Aim – To explore GP perceptions of the impact of the 2010/2011 Canterbury earthquakes on primary care clinic patients.
Methods – Qualitative study using semi-structured interviews with eight GPs from the Christchurch area exploring GPs’ perceptions of the impact on patients.
Results – Patients experienced significant strain and anxiety following the earthquakes. The impact of this differed due to personal circumstances. Secondary stressors such as insurance and housing issues contributed to experiences of distress.
Conclusions – The GPs identified significant impacts on patients as a result of the earthquakes with significant levels of strain and anxiety being due to the on-going recovery process. It appears that a significant proportion of the affected population felt comfortable talking with the GPs about the earthquakes, secondary stressors and their effects upon them.

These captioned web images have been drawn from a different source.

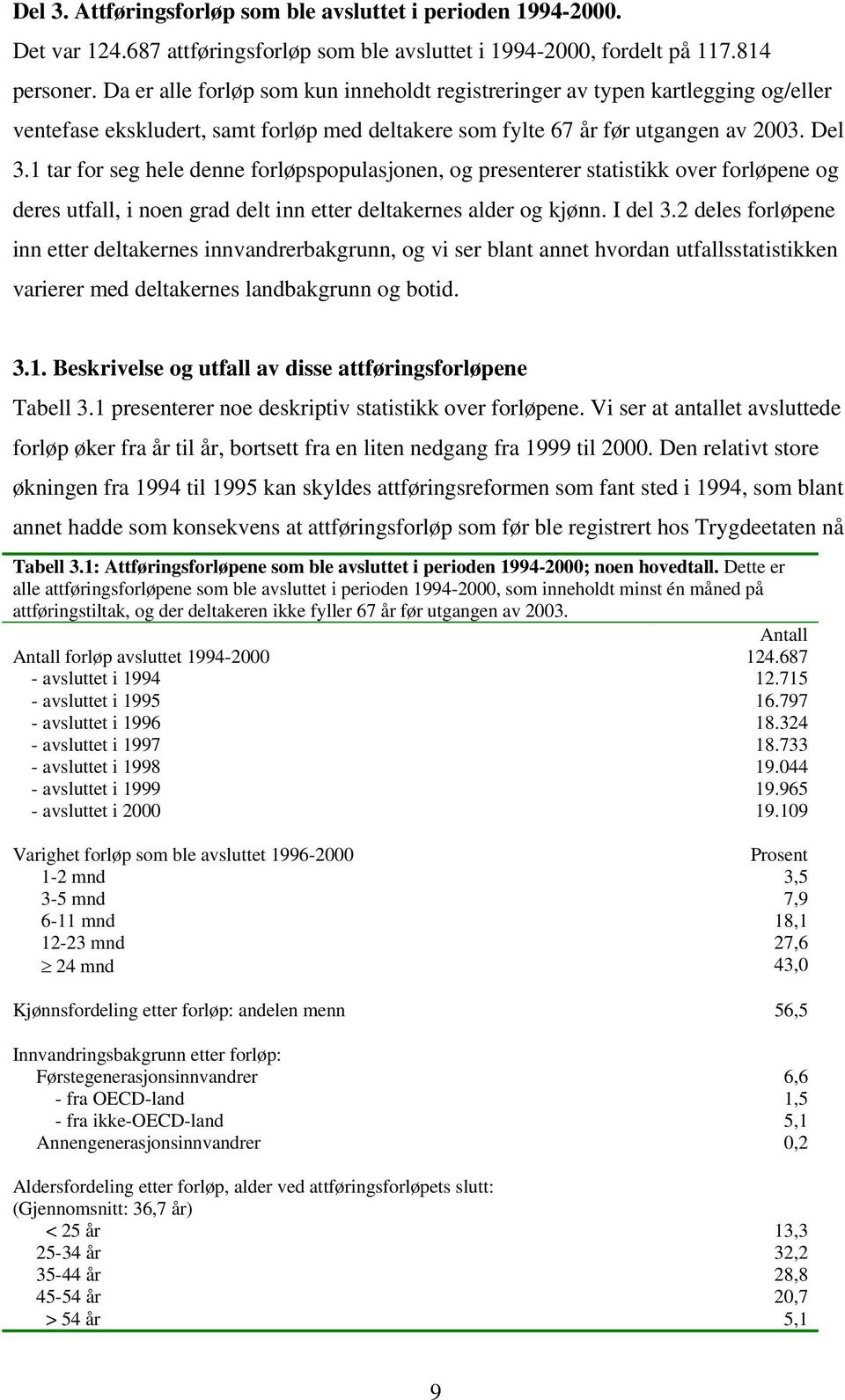 1 tar for seg hele denne forløpspopulasjonen, og presenterer statistikk over forløpene og deres utfall, i noen grad delt inn etter deltakernes alder og kjønn. I del 3.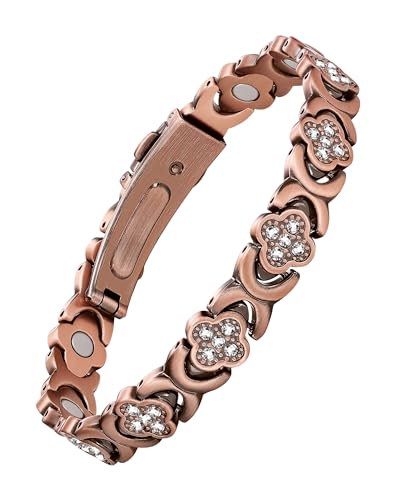 Jecanori Pure Copper Bracelet for Women Ultra Strength Magnetic Therapy Bracelets with 3800 Gauss MagnetsFourLeaf Clover Jewelry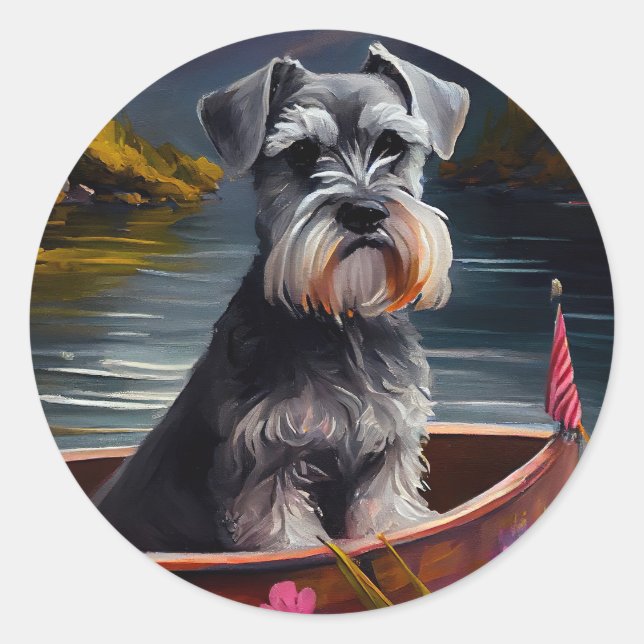 Schnauzer on a Paddle: A Scenic Adventure Classic Round Sticker (Front)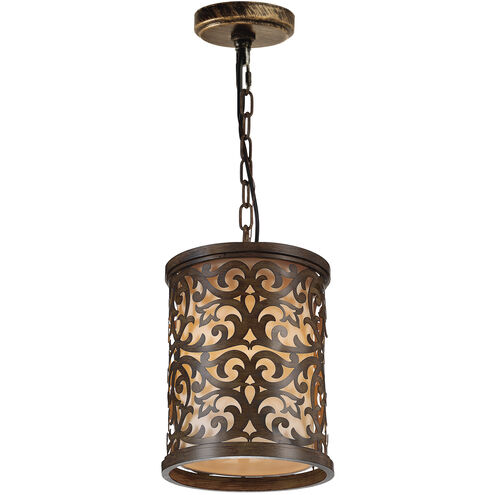Nicole 1 Light 9 inch Brushed Chocolate Drum Shade Mini Pendant Ceiling Light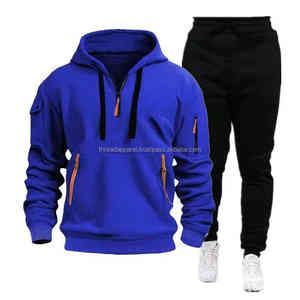 2025 nuevos hombres 2 piezas entrenamiento marca ropa deportiva traje alto Casual estampado primavera otoño cremallera Sudadera con capucha pantalones Jersey chándal conjunto - Product Image 4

Funding StatementThis study was funded by the Massey University Research Fund. The funders had no role in study design, data collection and analysis, decision to publish, or preparation of the manuscript. The authors have declared that no competing interests exist.
Experts agree that disasters can have a negative impact on people’s mental well-being1. The World Health Organisation estimates that after a disaster, severe mental health disorders increase from 2-3 per cent to 3-4 per cent of the population and mild to moderate mental disorders can double from 10 per cent to 20 percent2. However those experiencing mild psychological reactions will be able to cope and recover if they receive support1,3.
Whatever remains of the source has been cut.